Development of Medicines

The development of new medicines is a long, expensive and complex process. It can take 13 years from discovering a molecule to having a medicine approved for human use.  In recent years, the pharmaceutical industry has made steps towards re-aligning its pipeline to society’s needs. In 2011, 37 non-orphan medicines were made available in Europe, including two new targeted treatments for melanoma which can help patients who had few treatment options in the past.  12 new orphan drugs were also approved. Orphan medicinal products are used for the diagnosis, prevention or treatment of life-threatening or very serious conditions that affect not more than 5 in 10,000 persons in the European Union.

Before being able to reach the patient, a medicine needs to demonstrate its safety, quality and efficacy with medicines regulators.  The European Medicines Agency (EMA) is a key institution for regulatory approval of medicines in the EU, and has exclusive prerogative for this function in the area of biologics, whilst national authorities in member states are still active in other areas of medicines approvals. The exciting new  research developments in biologics, personalized medicines and the genome mean that approvals processes need updating to keep pace with this new science, for example when it comes to inclusion of biomarkers and diagnostics as part of the approval process.  Increasingly also, national decision-makers ask for information about the added value of new medicines for individual patients and society as a whole. Industry is committed to demonstrating the added value of its medicines with high quality, transparent data and considers that Health Technology Assessments (HTAs) when based on sound methodologies and input from all relevant stakeholders can be used as a tool to support efficient healthcare decision-making. Industry is and will continue to be involved in collaboration on HTA among EU Member States, to promote good practices and efficiencies.

The EU has a key role in ensuring that the regulatory framework for approving new medicines, and for the necessary clinical trials, are as  stream-lined as possible, in order to get innovative medicines to the patient as quickly as possible.  The EU’s coordination at international level with the USA is also key, in avoiding needless duplication of procedures due to differing requirements for clinical trials. Moreover, as new technologies such as personalised medicines advance, it will be important to have a flexible system of approvals and clinical trials, which can be updated according to new research.

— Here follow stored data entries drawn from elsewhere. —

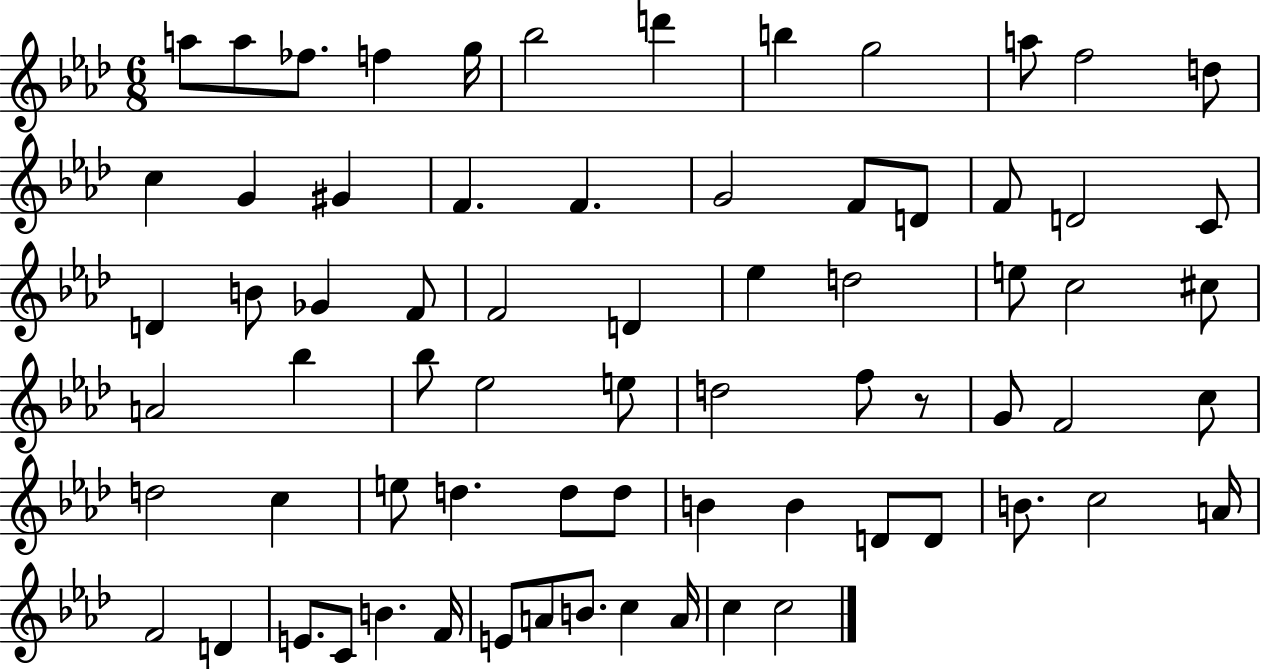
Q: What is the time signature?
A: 6/8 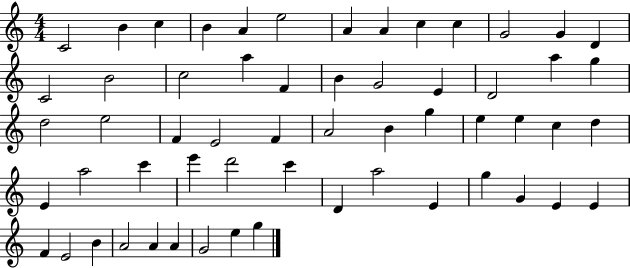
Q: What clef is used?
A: treble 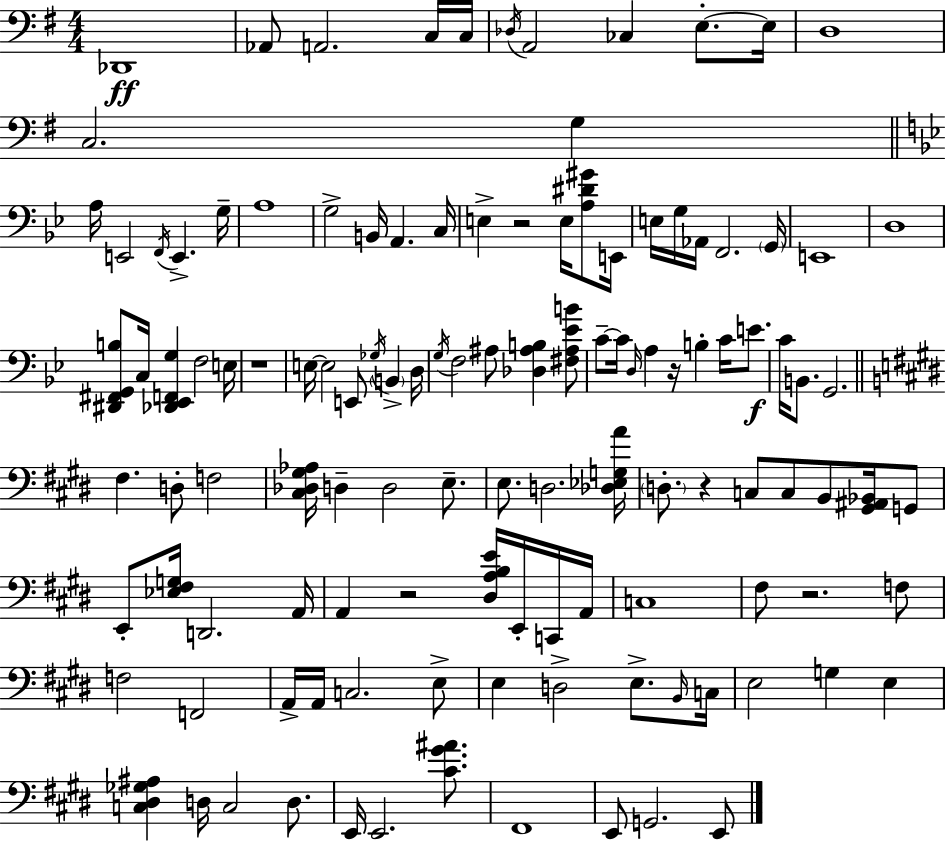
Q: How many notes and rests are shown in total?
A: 119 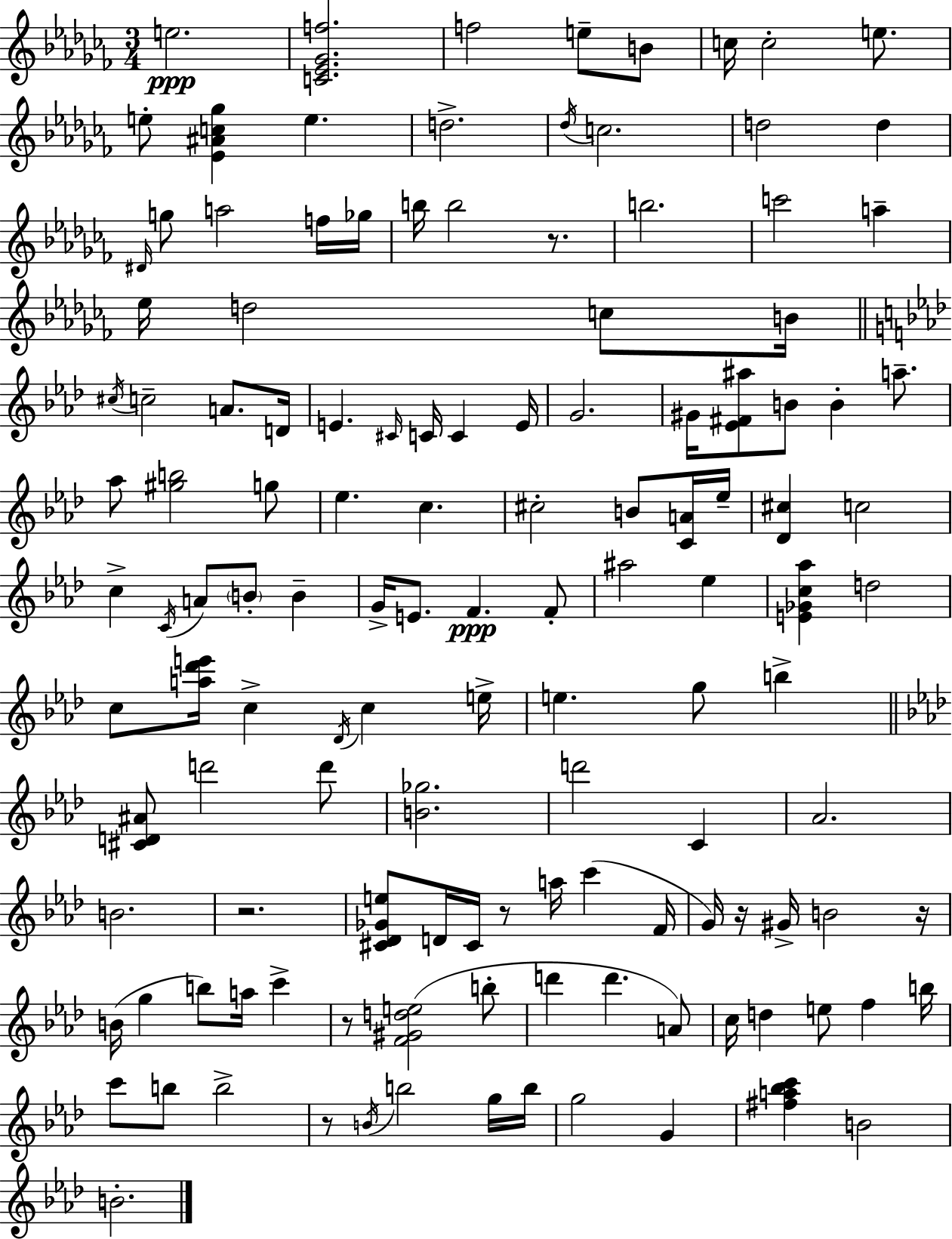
{
  \clef treble
  \numericTimeSignature
  \time 3/4
  \key aes \minor
  e''2.\ppp | <c' ees' ges' f''>2. | f''2 e''8-- b'8 | c''16 c''2-. e''8. | \break e''8-. <ees' ais' c'' ges''>4 e''4. | d''2.-> | \acciaccatura { des''16 } c''2. | d''2 d''4 | \break \grace { dis'16 } g''8 a''2 | f''16 ges''16 b''16 b''2 r8. | b''2. | c'''2 a''4-- | \break ees''16 d''2 c''8 | b'16 \bar "||" \break \key aes \major \acciaccatura { cis''16 } c''2-- a'8. | d'16 e'4. \grace { cis'16 } c'16 c'4 | e'16 g'2. | gis'16 <ees' fis' ais''>8 b'8 b'4-. a''8.-- | \break aes''8 <gis'' b''>2 | g''8 ees''4. c''4. | cis''2-. b'8 | <c' a'>16 ees''16-- <des' cis''>4 c''2 | \break c''4-> \acciaccatura { c'16 } a'8 \parenthesize b'8-. b'4-- | g'16-> e'8. f'4.\ppp | f'8-. ais''2 ees''4 | <e' ges' c'' aes''>4 d''2 | \break c''8 <a'' des''' e'''>16 c''4-> \acciaccatura { des'16 } c''4 | e''16-> e''4. g''8 | b''4-> \bar "||" \break \key aes \major <cis' d' ais'>8 d'''2 d'''8 | <b' ges''>2. | d'''2 c'4 | aes'2. | \break b'2. | r2. | <cis' des' ges' e''>8 d'16 cis'16 r8 a''16 c'''4( f'16 | g'16) r16 gis'16-> b'2 r16 | \break b'16( g''4 b''8) a''16 c'''4-> | r8 <f' gis' d'' e''>2( b''8-. | d'''4 d'''4. a'8) | c''16 d''4 e''8 f''4 b''16 | \break c'''8 b''8 b''2-> | r8 \acciaccatura { b'16 } b''2 g''16 | b''16 g''2 g'4 | <fis'' a'' bes'' c'''>4 b'2 | \break b'2.-. | \bar "|."
} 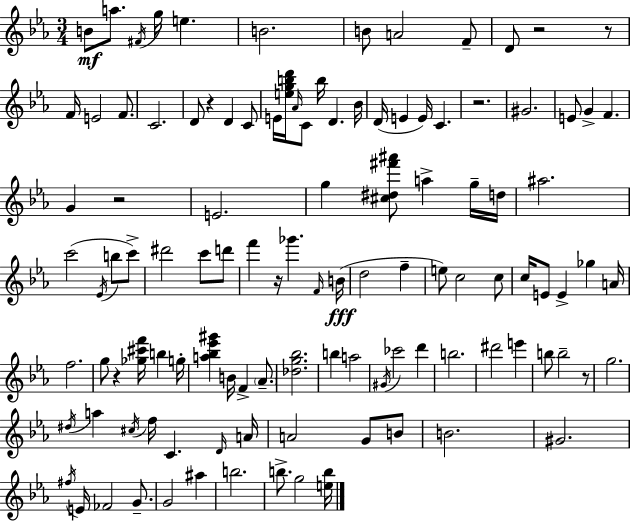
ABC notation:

X:1
T:Untitled
M:3/4
L:1/4
K:Cm
B/2 a/2 ^F/4 g/4 e B2 B/2 A2 F/2 D/2 z2 z/2 F/4 E2 F/2 C2 D/2 z D C/2 E/4 [egbd']/4 _A/4 C/2 b/4 D _B/4 D/4 E E/4 C z2 ^G2 E/2 G F G z2 E2 g [^c^d^f'^a']/2 a g/4 d/4 ^a2 c'2 _E/4 b/2 c'/2 ^d'2 c'/2 d'/2 f' z/4 _g' F/4 B/4 d2 f e/2 c2 c/2 c/4 E/2 E _g A/4 f2 g/2 z [_g^c'f']/4 b g/4 [a_b_e'^g'] B/4 F _A/2 [_dg_b]2 b a2 ^G/4 _c'2 d' b2 ^d'2 e' b/2 b2 z/2 g2 ^d/4 a ^c/4 f/4 C D/4 A/4 A2 G/2 B/2 B2 ^G2 ^f/4 E/4 _F2 G/2 G2 ^a b2 b/2 g2 [eb]/4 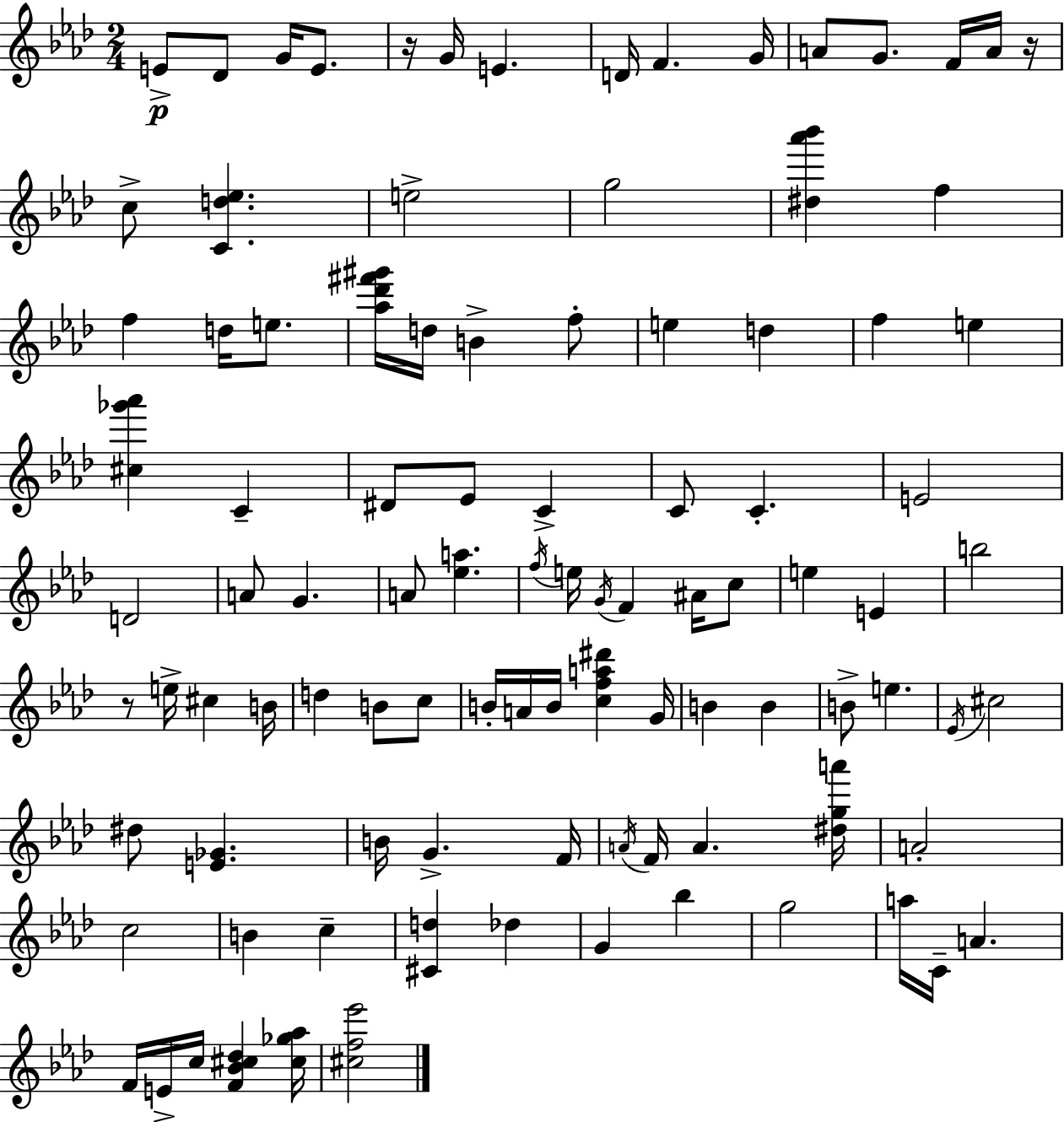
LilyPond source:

{
  \clef treble
  \numericTimeSignature
  \time 2/4
  \key f \minor
  e'8->\p des'8 g'16 e'8. | r16 g'16 e'4. | d'16 f'4. g'16 | a'8 g'8. f'16 a'16 r16 | \break c''8-> <c' d'' ees''>4. | e''2-> | g''2 | <dis'' aes''' bes'''>4 f''4 | \break f''4 d''16 e''8. | <aes'' des''' fis''' gis'''>16 d''16 b'4-> f''8-. | e''4 d''4 | f''4 e''4 | \break <cis'' ges''' aes'''>4 c'4-- | dis'8 ees'8 c'4-> | c'8 c'4.-. | e'2 | \break d'2 | a'8 g'4. | a'8 <ees'' a''>4. | \acciaccatura { f''16 } e''16 \acciaccatura { g'16 } f'4 ais'16 | \break c''8 e''4 e'4 | b''2 | r8 e''16-> cis''4 | b'16 d''4 b'8 | \break c''8 b'16-. a'16 b'16 <c'' f'' a'' dis'''>4 | g'16 b'4 b'4 | b'8-> e''4. | \acciaccatura { ees'16 } cis''2 | \break dis''8 <e' ges'>4. | b'16 g'4.-> | f'16 \acciaccatura { a'16 } f'16 a'4. | <dis'' g'' a'''>16 a'2-. | \break c''2 | b'4 | c''4-- <cis' d''>4 | des''4 g'4 | \break bes''4 g''2 | a''16 c'16-- a'4. | f'16 e'16-> c''16 <f' bes' cis'' des''>4 | <cis'' ges'' aes''>16 <cis'' f'' ees'''>2 | \break \bar "|."
}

A sensitive, but important, element in the development of medicines, is the use of animals in research. Modern day medicines would not exist without research in disease development. Nor without the necessary and complex testing processes involved in bringing them to market. Similarly, new medicines for conditions for which no effective treatment exists, cannot emerge without research and development. Some of this research involves testing on animals, which isalso required and regulated by European law. The industry has adopted the 3Rs principles – Replace-Reduce-Refine – in order to minimise the use or impact on animals wherever possible.

Incentivising innovation is a fundamental factor in ensuring sustainable innovation in the pharmaceutical sector. The increasing demands of an ageing population, coupled with falling public budgets have put pressure on the pharmaceutical industry.  Whilst the industry understands the need to share the pain, the risk is that unilateral price cuts and unpaid bills, undermine the industry’s ability to continue producing innovative medicines in the long term.  It is therefore important that for those medicines that society needs and wants, there should be a fair return on the substantial investment made in R&D.